Hi Matt, thanks for your reply first.

The log I paste is from nova-compute.
And I also check cinder-api & cinder-volume logs according from timestamp. Strange is, no error messages found during that time.
I remember I launch evacuation on the host.

Perhaps it's over-loading but it's not happening on the cinder. Because the environment is 3 all-in-one installation model.
That means control+compute per node, and 3 nodes become controller HA.
When I shutdown one of the node, I found all requests from API is pretty slow (can feel that when using dashboard.)
And back to normal again when the node is back.

I'll try do the evacuation again but with just disable nova host or stop nova services, to test if that happen again or not.

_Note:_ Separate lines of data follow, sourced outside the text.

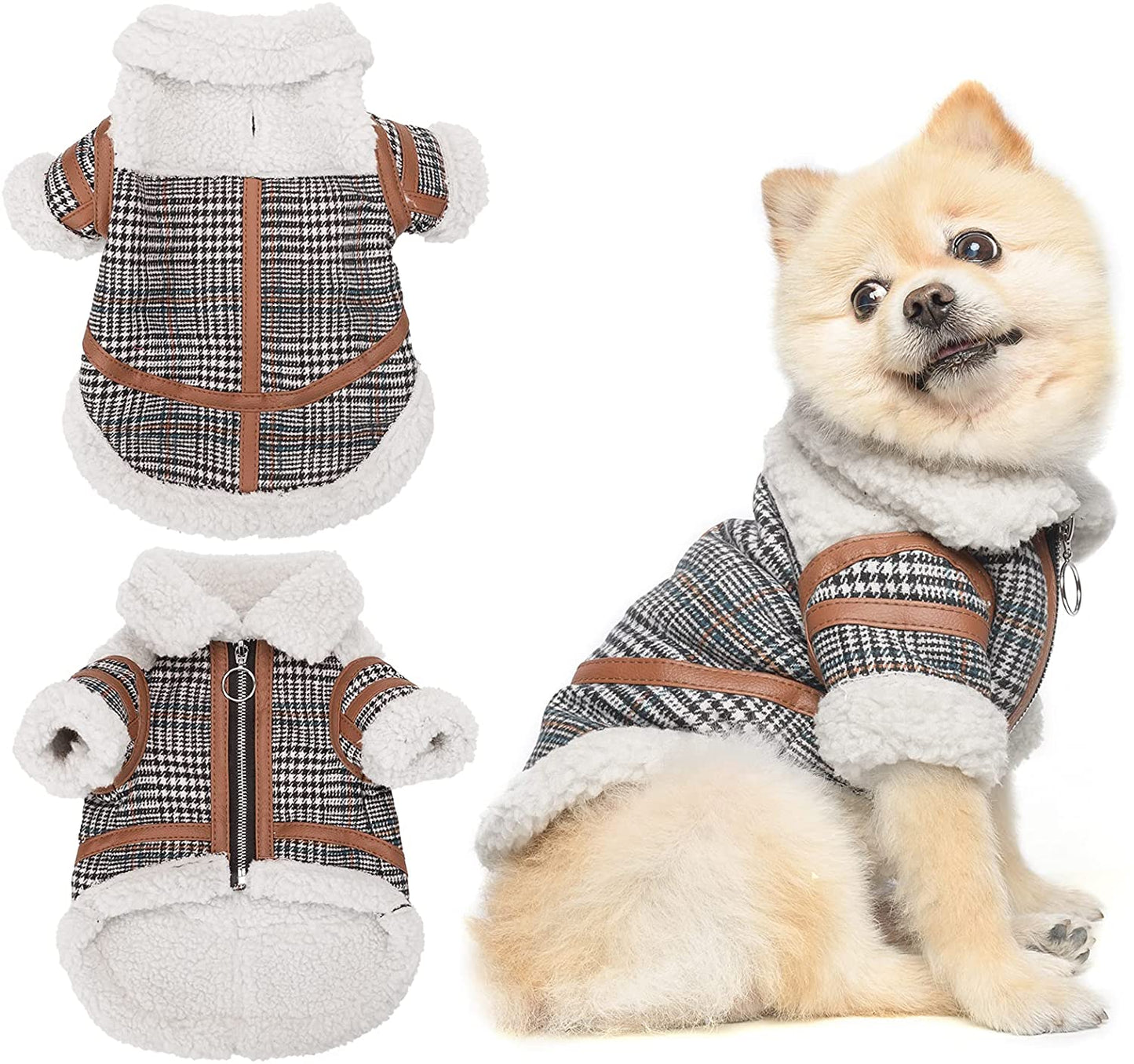Plaid Lamb-Velvet Dog Outfit — Cozy Autumn-Winter Pet Clothe
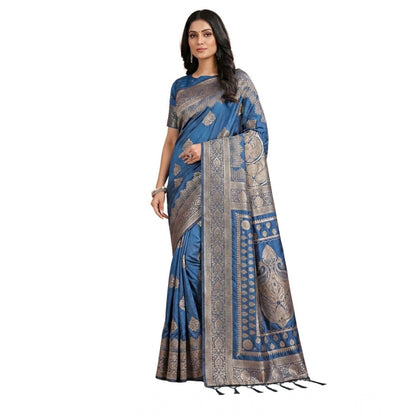 Generic Women's Silk Blend Printed Saree With Unstitched Blouse 5.5Mtr (Sky Blue)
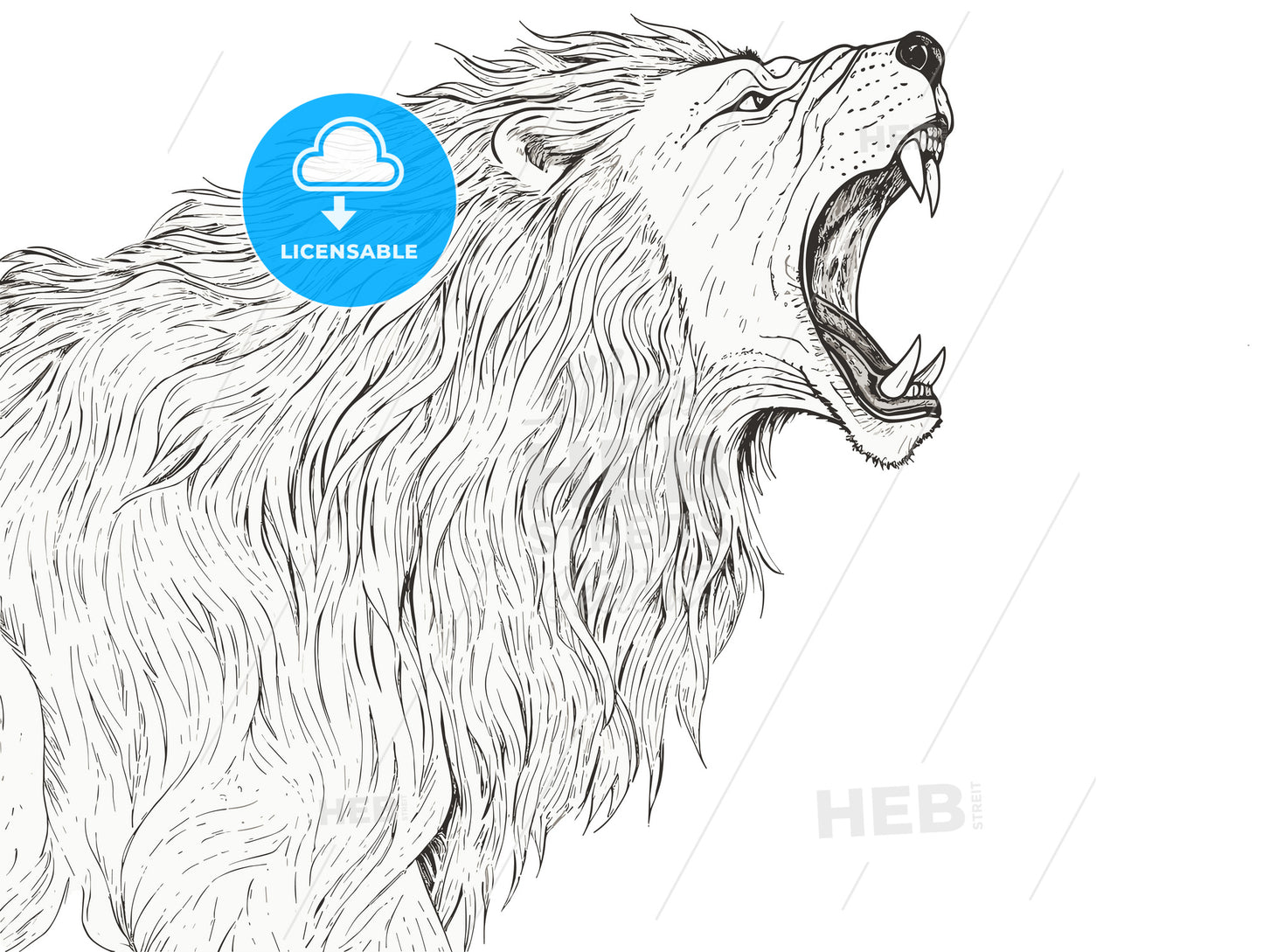 A powerful roaring lion.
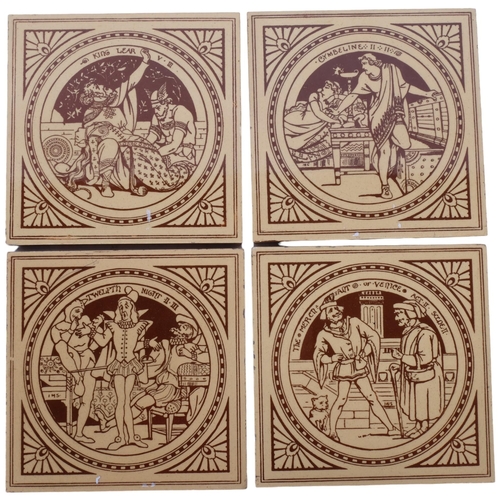 719 - A group of 4 Moyr Smith Design Shakespeare's play tiles, all tiles are 15cm square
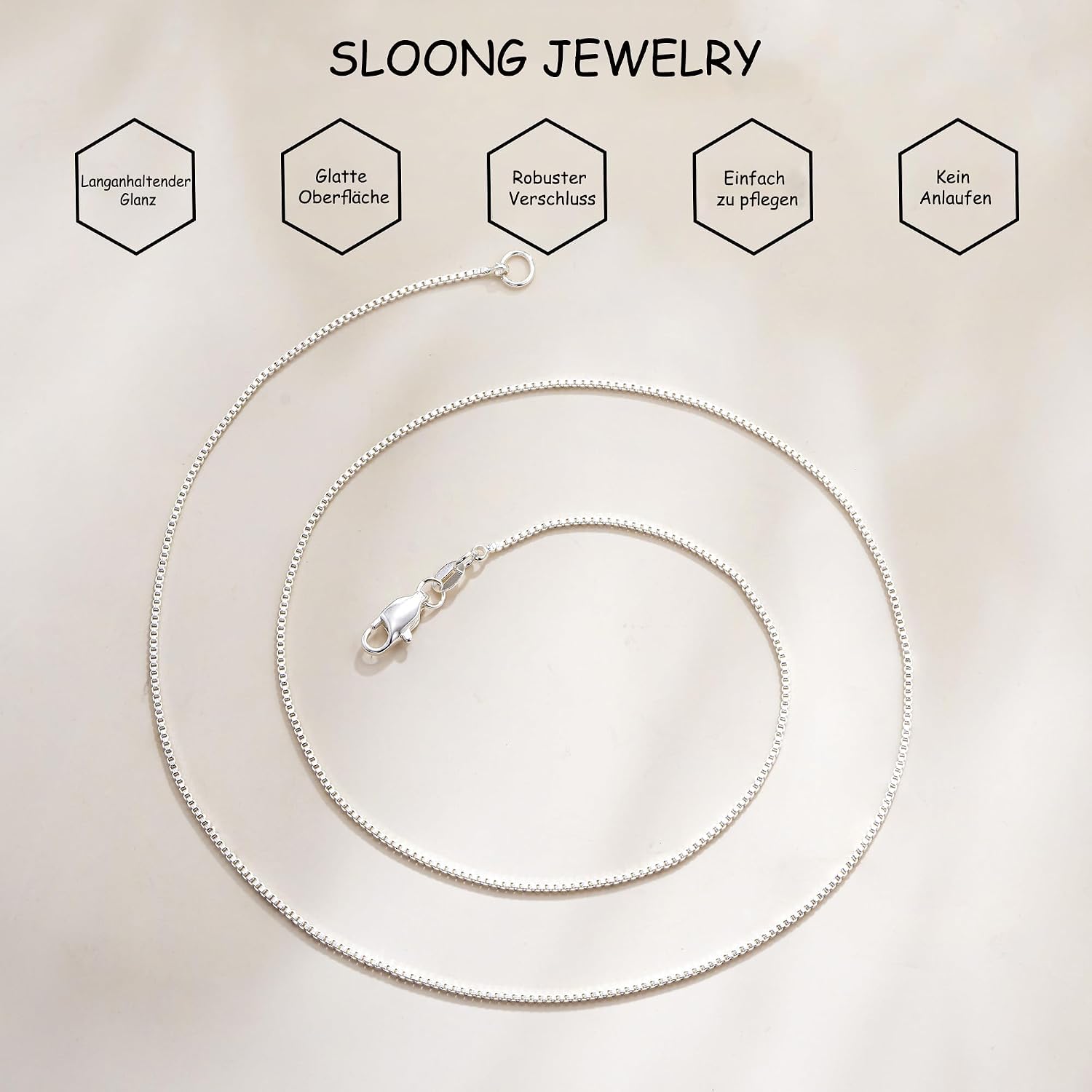 Detalle 1 de SLOONG Silberkette 925 Über Damen – 1 mm Box Kette, 41–61 cm, ohne Anhänger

Matt Riedemann <mriedemos@gmail.com> 於 2019年7月23日 週二 上午6:40寫道:
On 7/18/2019 3:53 AM, Eddie Yen wrote:
> Before I try to evacuate host, the source host had about 24 VMs running.
> When I shutdown the node and execute evacuation, there're few VMs
> failed. The error code is 504.
> Strange is those VMs are all attach its own volume.
>
> Then I check nova-compute log, a detailed error has pasted at below link;
> https://pastebin.com/uaE7YrP1
>
> Does anyone have any experience with this? I googled but no enough
> information about this.

Are there errors in the cinder-api logs during the evacuate of all VMs
from the host? Are you doing the evacuate operation on all VMs on the
host concurrently or in serial? I wonder if you're over-loading cinder
and that's causing the timeout somehow. The timeout from cinder is when
deleting volume attachment records, which would be terminating
connections in the storage backend under the covers. Check the
cinder-volume logs for errors as well.

--

Thanks,

Matt